* **GOAL OF THE EXERCISE**: Please keep the pictures out and write out exactly the lines from the first in the data below through the one containing "MAMALICIOUS Robe En Jersey - Bright White", both included.

* **THE DATA**:
+++

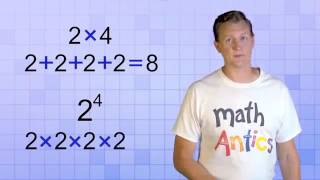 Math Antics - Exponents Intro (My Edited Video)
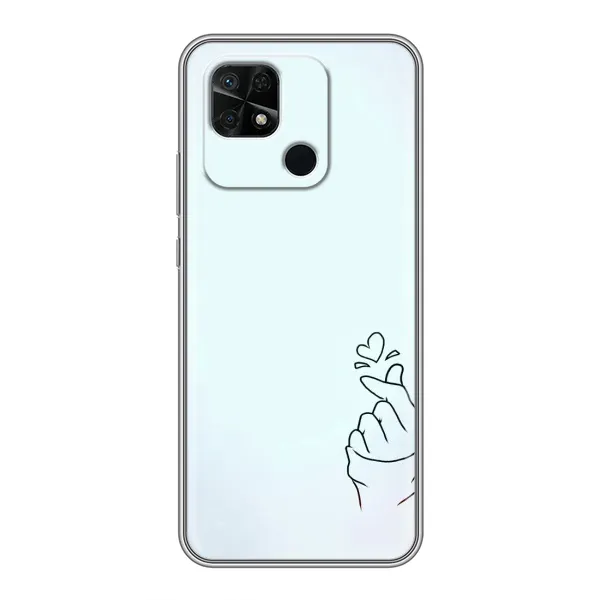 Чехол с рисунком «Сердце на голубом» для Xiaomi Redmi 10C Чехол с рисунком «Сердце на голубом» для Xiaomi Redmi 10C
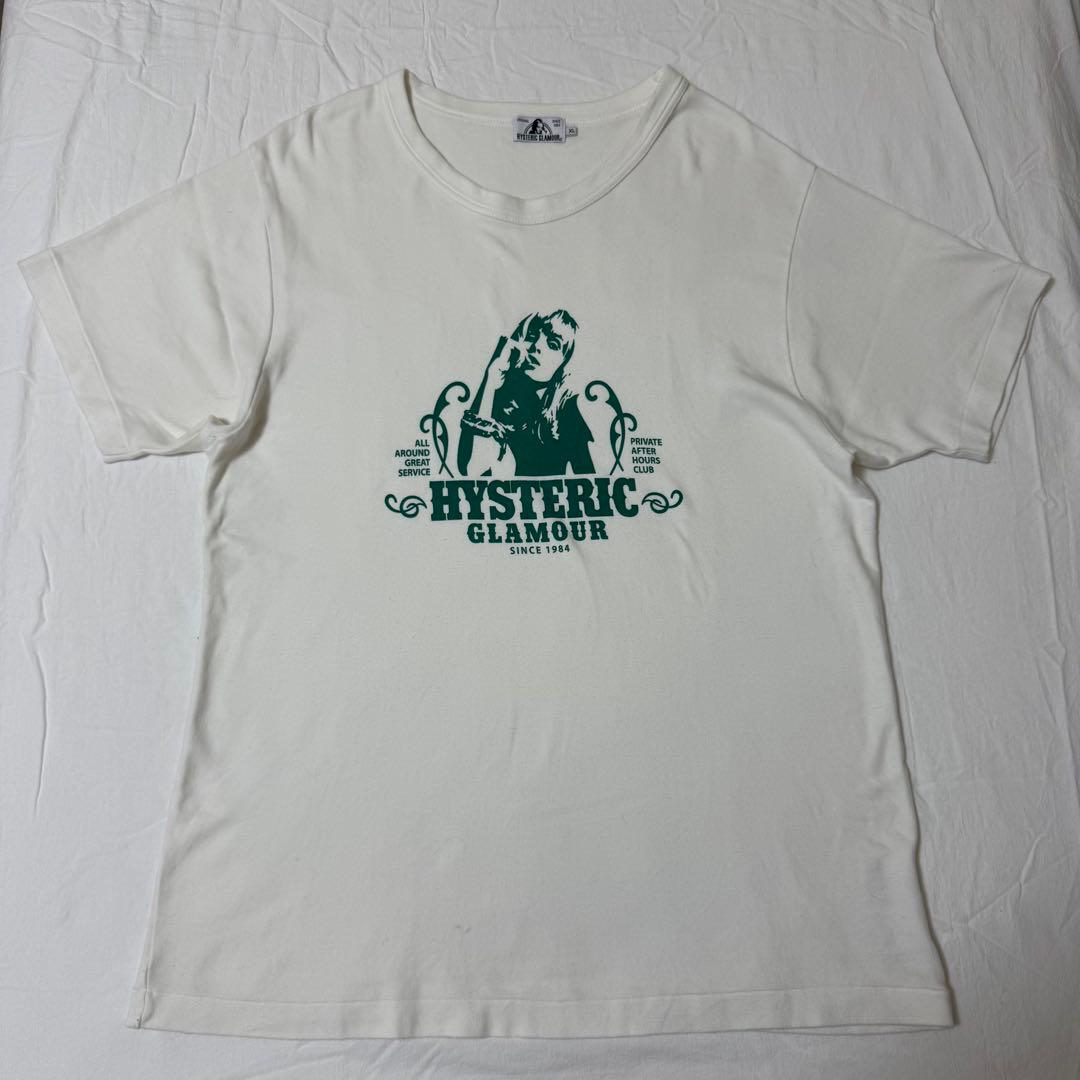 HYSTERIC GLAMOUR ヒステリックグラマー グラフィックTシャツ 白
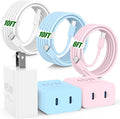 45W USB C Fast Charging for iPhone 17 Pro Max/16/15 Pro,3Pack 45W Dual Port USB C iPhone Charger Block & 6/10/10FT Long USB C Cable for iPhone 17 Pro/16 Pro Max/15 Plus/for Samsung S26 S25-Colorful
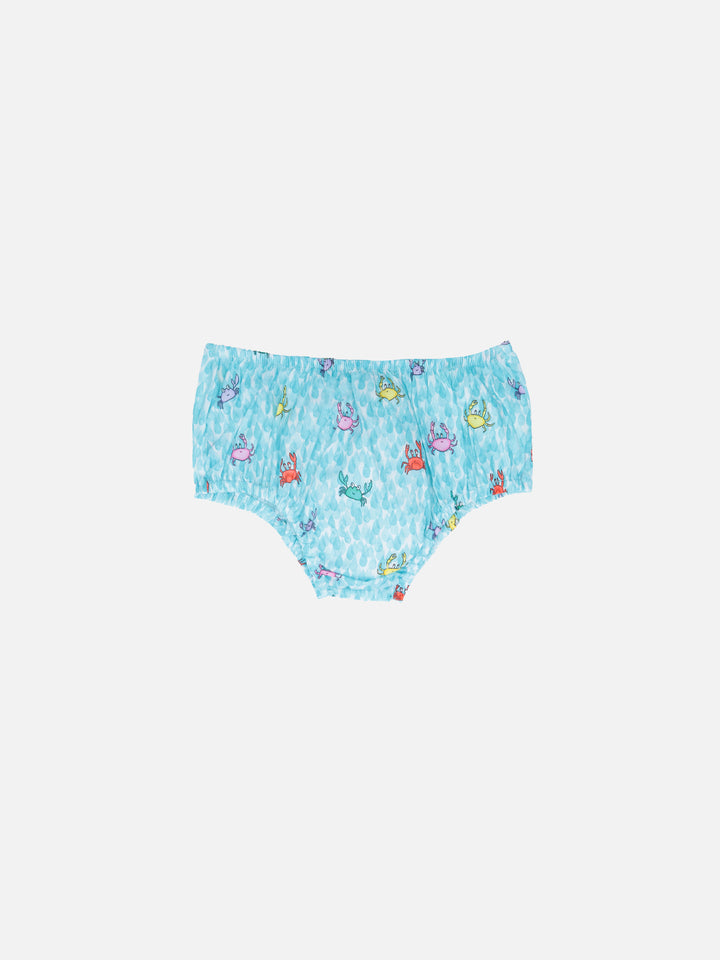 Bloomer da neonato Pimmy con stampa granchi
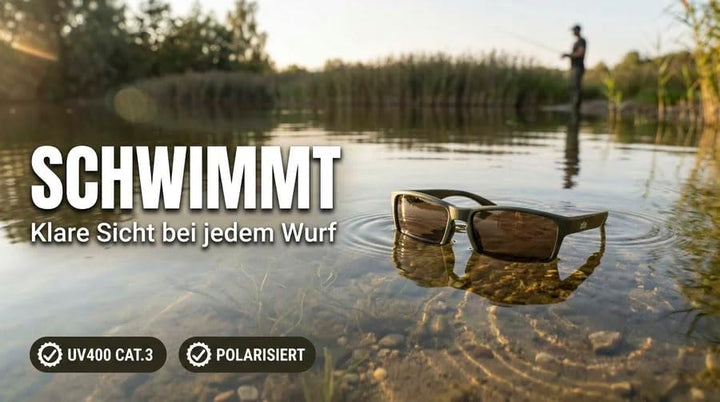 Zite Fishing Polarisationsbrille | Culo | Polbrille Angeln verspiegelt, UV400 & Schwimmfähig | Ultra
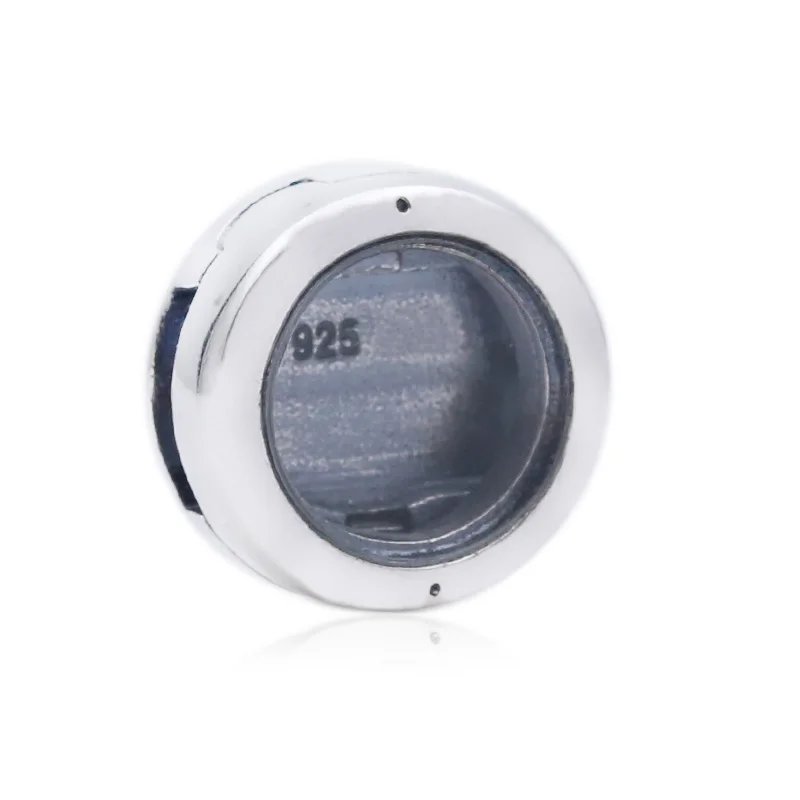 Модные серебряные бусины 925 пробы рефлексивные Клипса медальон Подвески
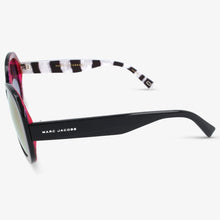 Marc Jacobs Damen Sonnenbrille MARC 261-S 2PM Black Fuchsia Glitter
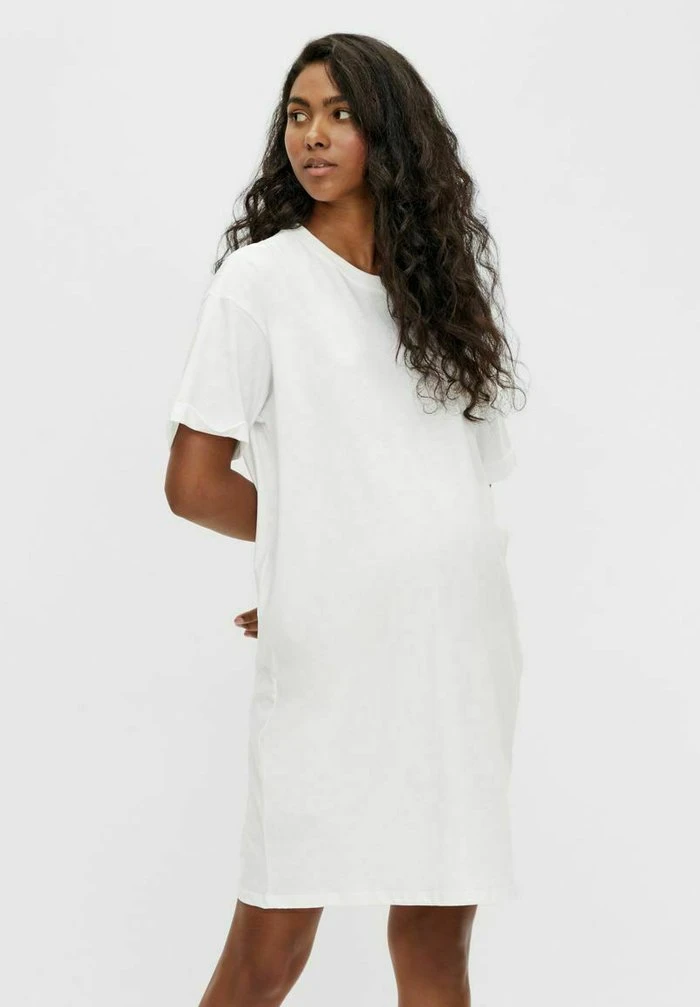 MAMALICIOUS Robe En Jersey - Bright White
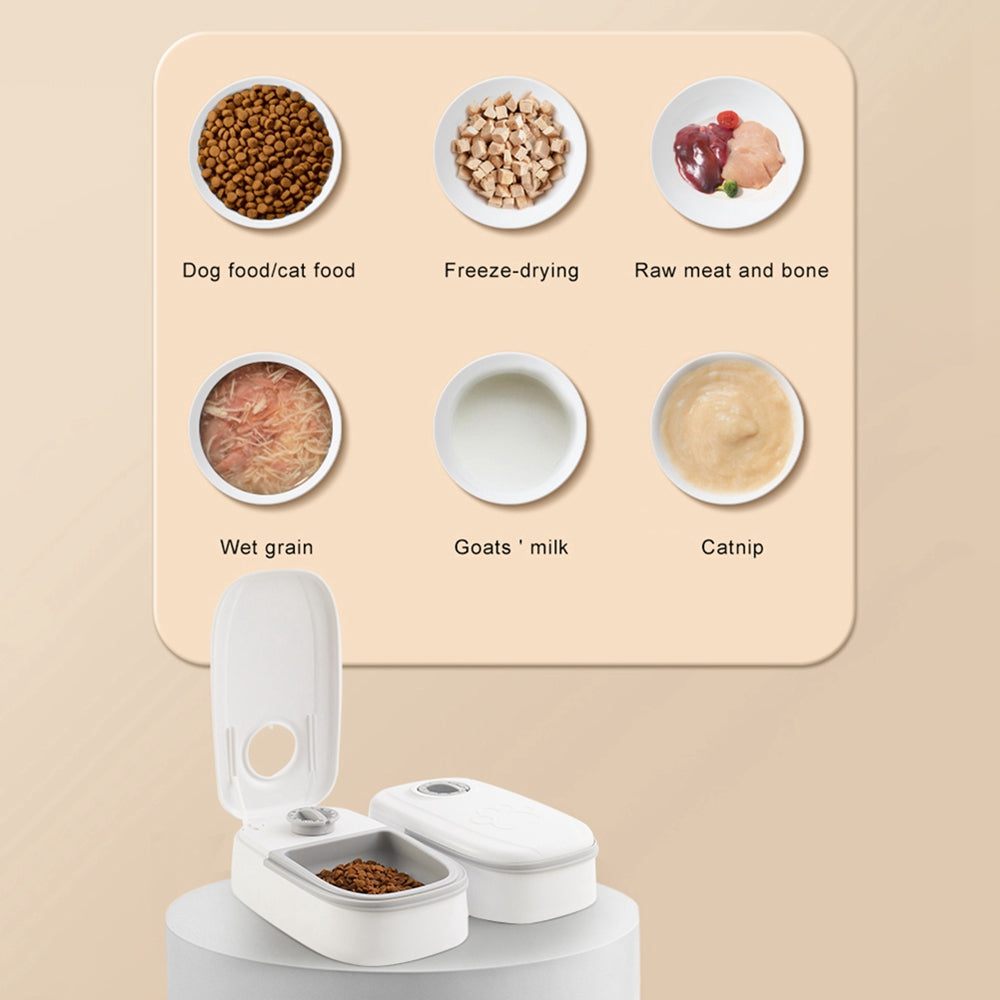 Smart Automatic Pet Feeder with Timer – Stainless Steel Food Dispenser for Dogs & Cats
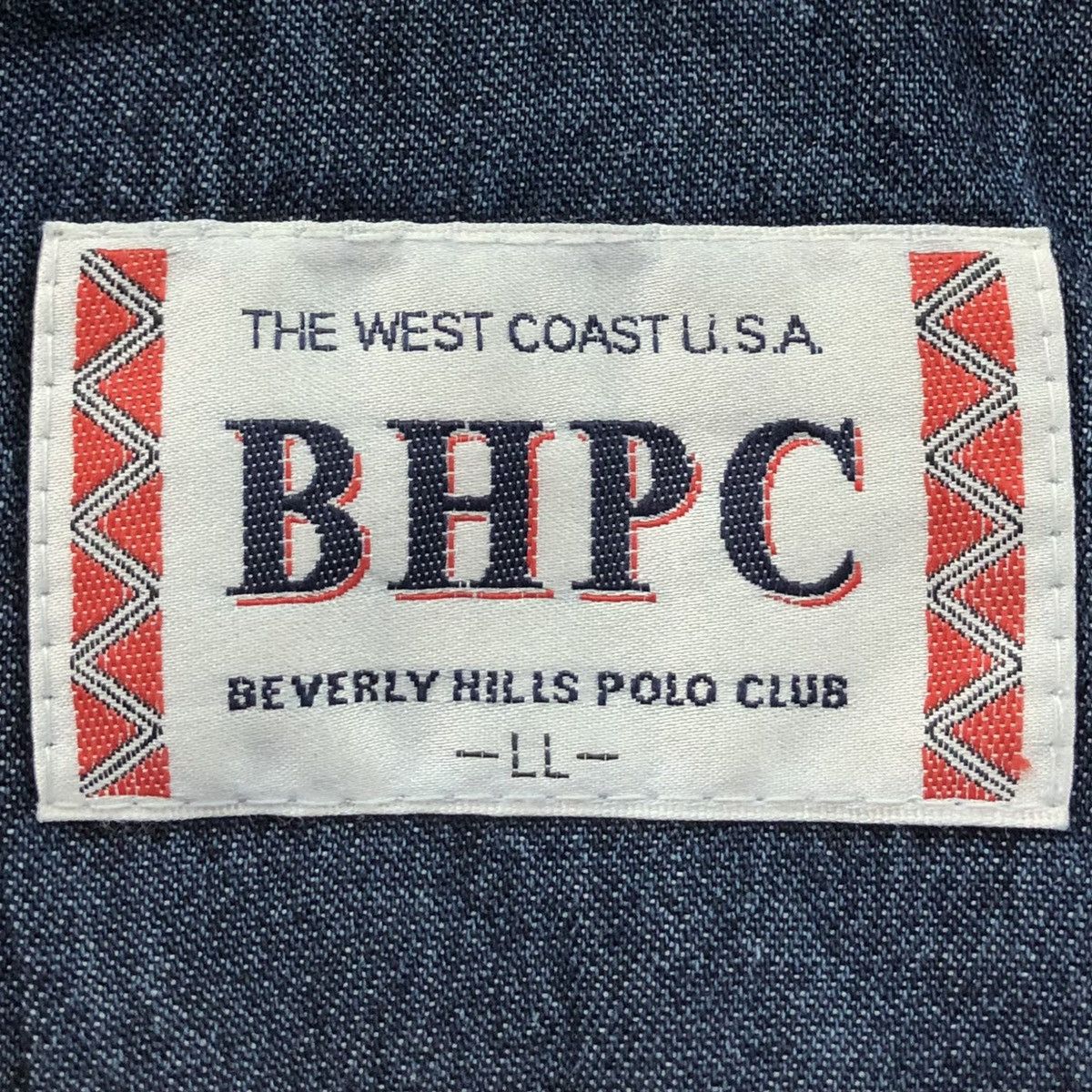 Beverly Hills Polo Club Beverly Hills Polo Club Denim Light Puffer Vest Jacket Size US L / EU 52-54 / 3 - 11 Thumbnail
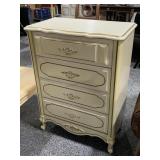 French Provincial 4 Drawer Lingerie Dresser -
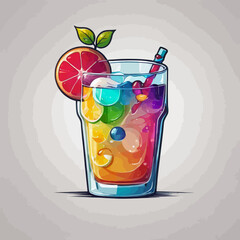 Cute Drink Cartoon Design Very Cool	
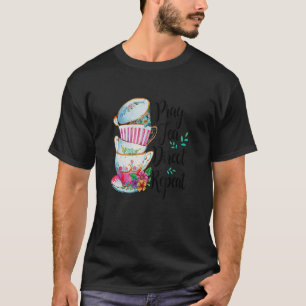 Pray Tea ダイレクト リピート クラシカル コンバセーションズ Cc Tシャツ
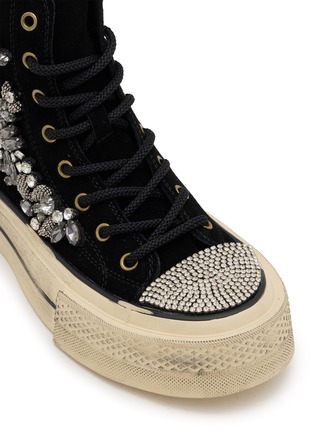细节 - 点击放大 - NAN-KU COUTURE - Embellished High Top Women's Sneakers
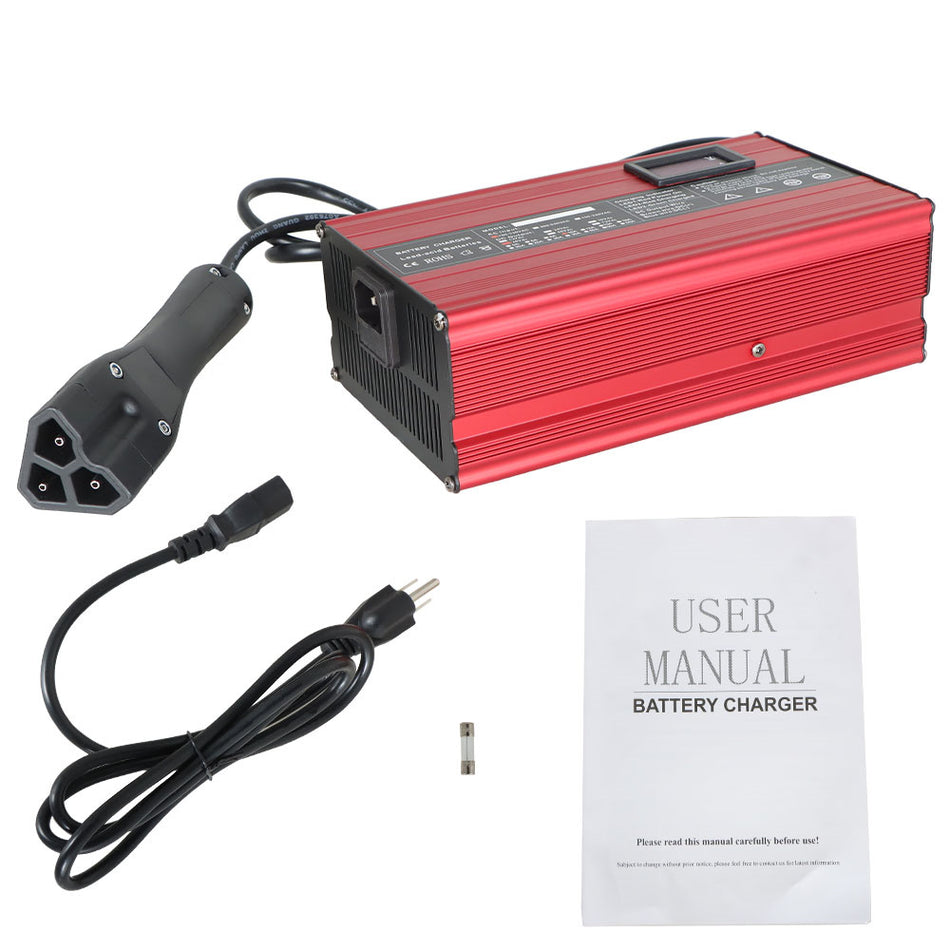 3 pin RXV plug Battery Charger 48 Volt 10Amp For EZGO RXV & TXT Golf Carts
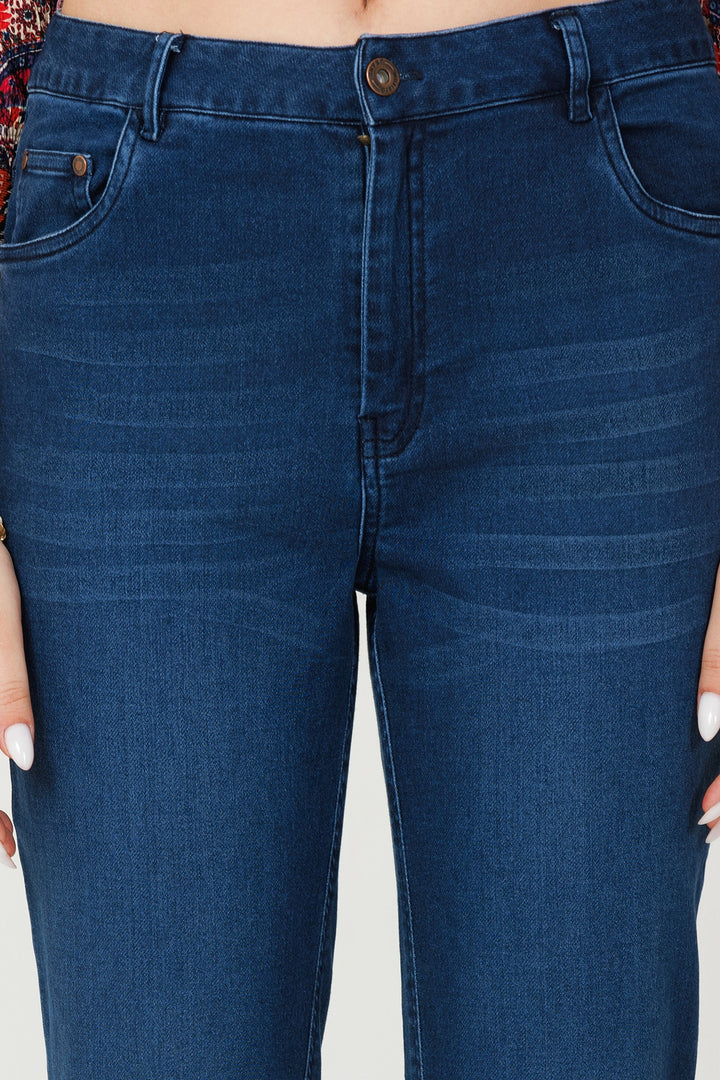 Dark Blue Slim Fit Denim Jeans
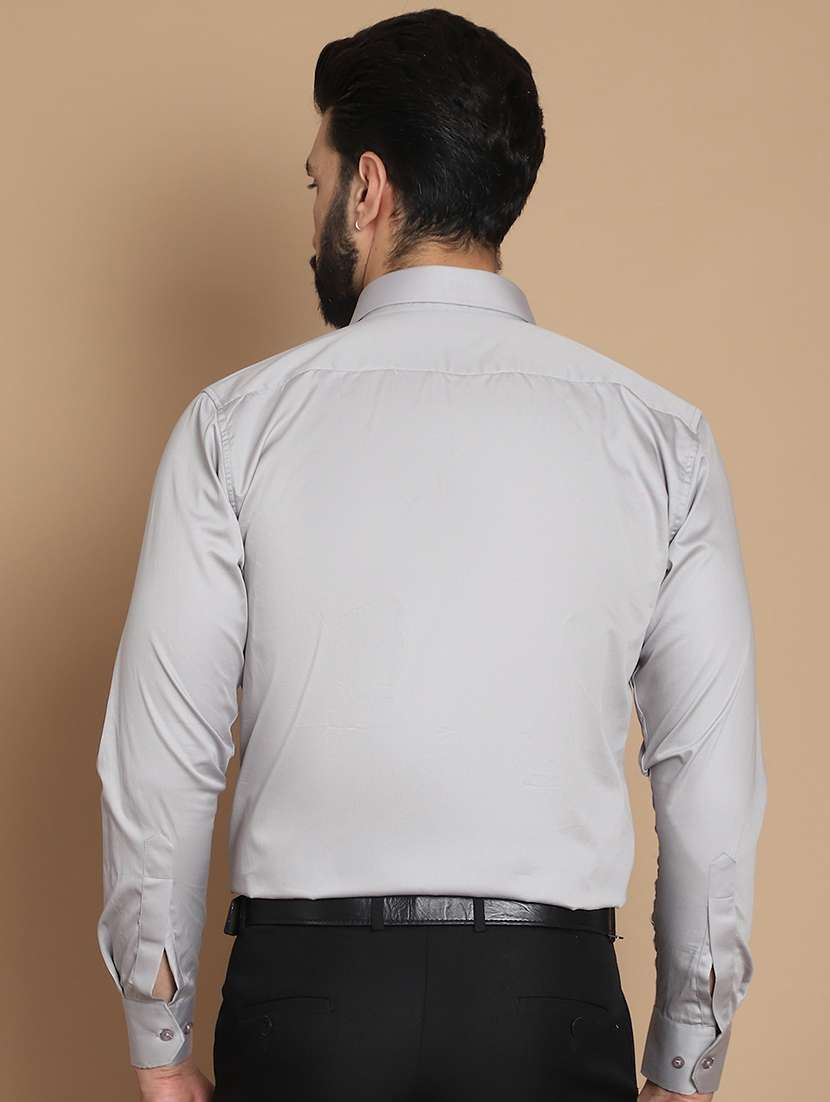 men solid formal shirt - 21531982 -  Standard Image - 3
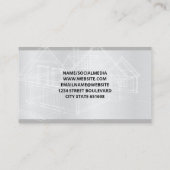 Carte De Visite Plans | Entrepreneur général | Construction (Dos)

+++

* **SOLUTION FOR THIS PROBLEM**:
 Math Antics - Exponents Intro (My Edited Video)
 Чехол с рисунком «Сердце на голубом» для Xiaomi Redmi 10C Чехол с рисунком «Сердце на голубом» для Xiaomi Redmi 10C
 HYSTERIC GLAMOUR ヒステリックグラマー グラフィックTシャツ 白
 45W USB C Fast Charging for iPhone 17 Pro Max/16/15 Pro,3Pack 45W Dual Port USB C iPhone Charger Block & 6/10/10FT Long USB C Cable for iPhone 17 Pro/16 Pro Max/15 Plus/for Samsung S26 S25-Colorful
 Bloomer da neonato Pimmy con stampa granchi
 Zite Fishing Polarisationsbrille | Culo | Polbrille Angeln verspiegelt, UV400 & Schwimmfähig | Ultra
 Модные серебряные бусины 925 пробы рефлексивные Клипса медальон Подвески
 Marc Jacobs Damen Sonnenbrille MARC 261-S 2PM Black Fuchsia Glitter
 MAMALICIOUS Robe En Jersey - Bright White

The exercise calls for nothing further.